PUTTING IT ALL TOGETHER

  1. 14.37 Finding the best model. In Example 14.14 (page 14-18), we looked at a multiple logistic regression for movie profitability based on three explanatory variables. Complete the analysis by looking at the three models that include two explanatory variables and the three models that include only one variable. Create a table that includes the parameter estimates and their P-values as well as the overall X2 statistic and degrees of freedom. Based on the results, which model do you feel is the best? Explain your answer. Data set icon for movies.

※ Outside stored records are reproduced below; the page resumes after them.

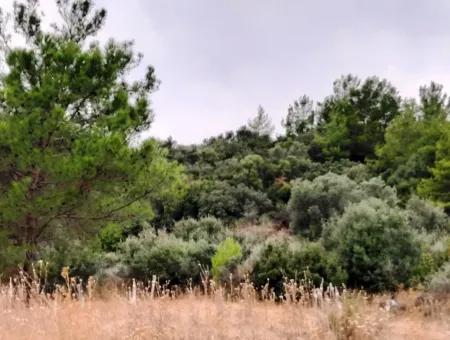 Plots With Sea View For Sale In Sarigerme Muğla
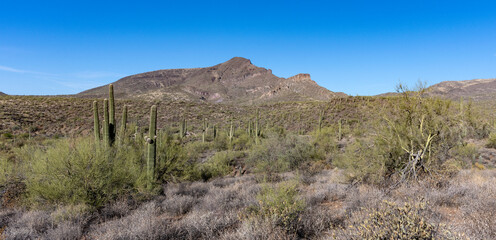 A panoramic picture of the Elephant Mountain in Arizona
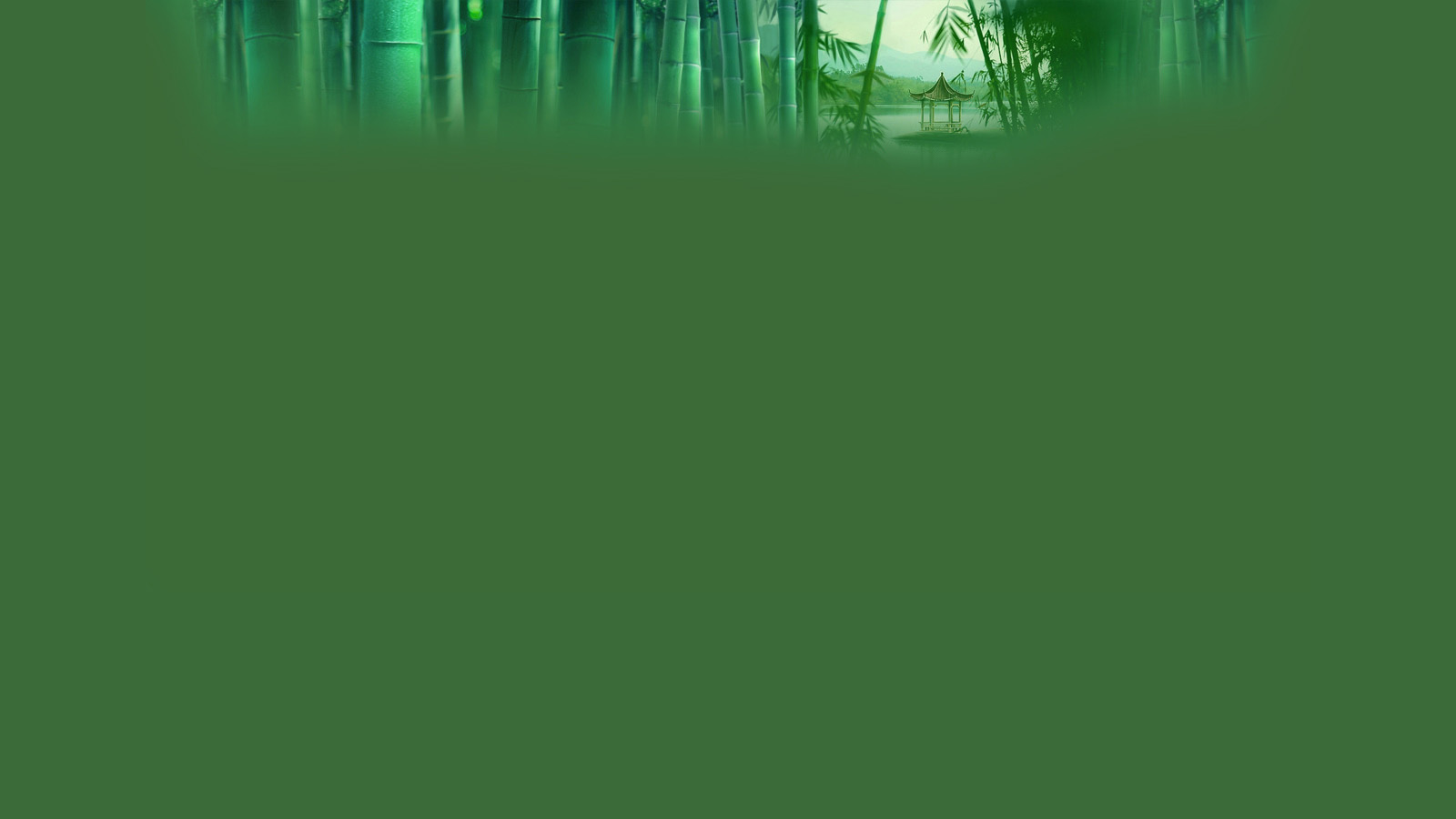 Quiet Bamboo Forest Desktop Wallpaper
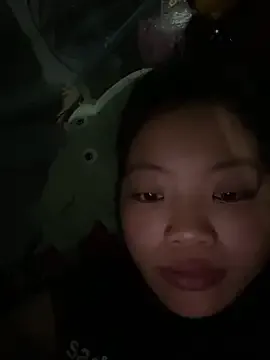 StripChat Herry118 is Freechat Herry118 — Happy New Year VietNam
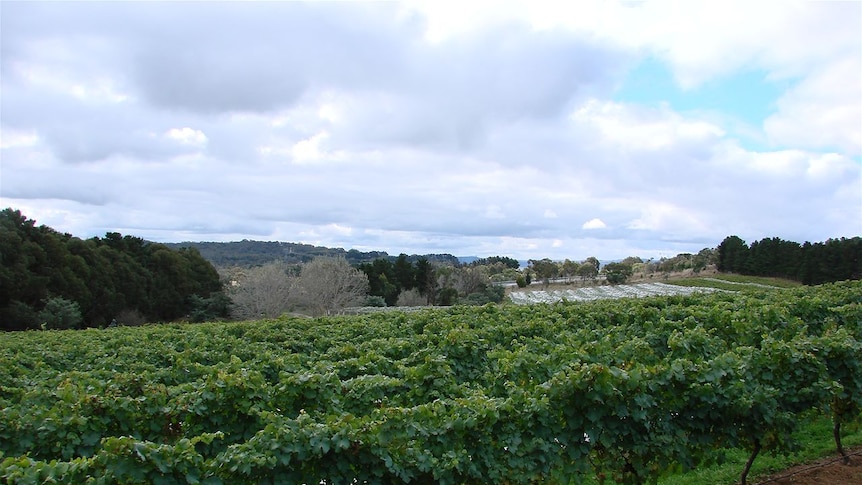 Pyrenees vineyards have detected smoke taint in their wine.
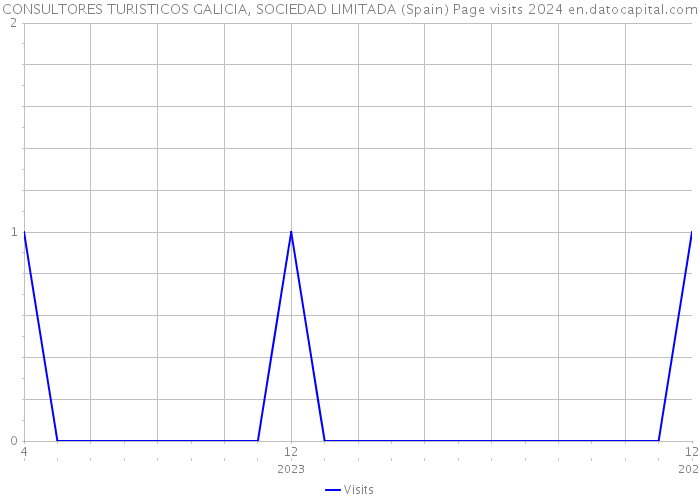 CONSULTORES TURISTICOS GALICIA, SOCIEDAD LIMITADA (Spain) Page visits 2024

  2. 14.38 Tipping behavior in Canada. The Consumer Report on Eating Share Trends (CREST) contains data from all provinces of Canada detailing away-from-home food purchases by roughly 4000 households per quarter. Researchers recently restricted their attention to restaurants at which tips would normally be given.7 From a total of 73,822 observations, “high” and “low” tipping variables were created based on whether the observed tip rate was above 20% or below 10%, respectively. They then used logistic regression to identify explanatory variables associated with either “high” or “low” tips. The following table summarizes what they termed the stereotype-related variables for the low-tip analysis:

    Explanatory variable Odds ratio
    Senior adult 1.099
    Sunday 1.098
    English as second language 1.142
    French-speaking Canadian 1.163
    Alcoholic drinks 0.713
    Lone male 0.858

    All coefficients were significant at the 0.01 level. Write a short summary explaining these results in terms of the odds of leaving a low tip.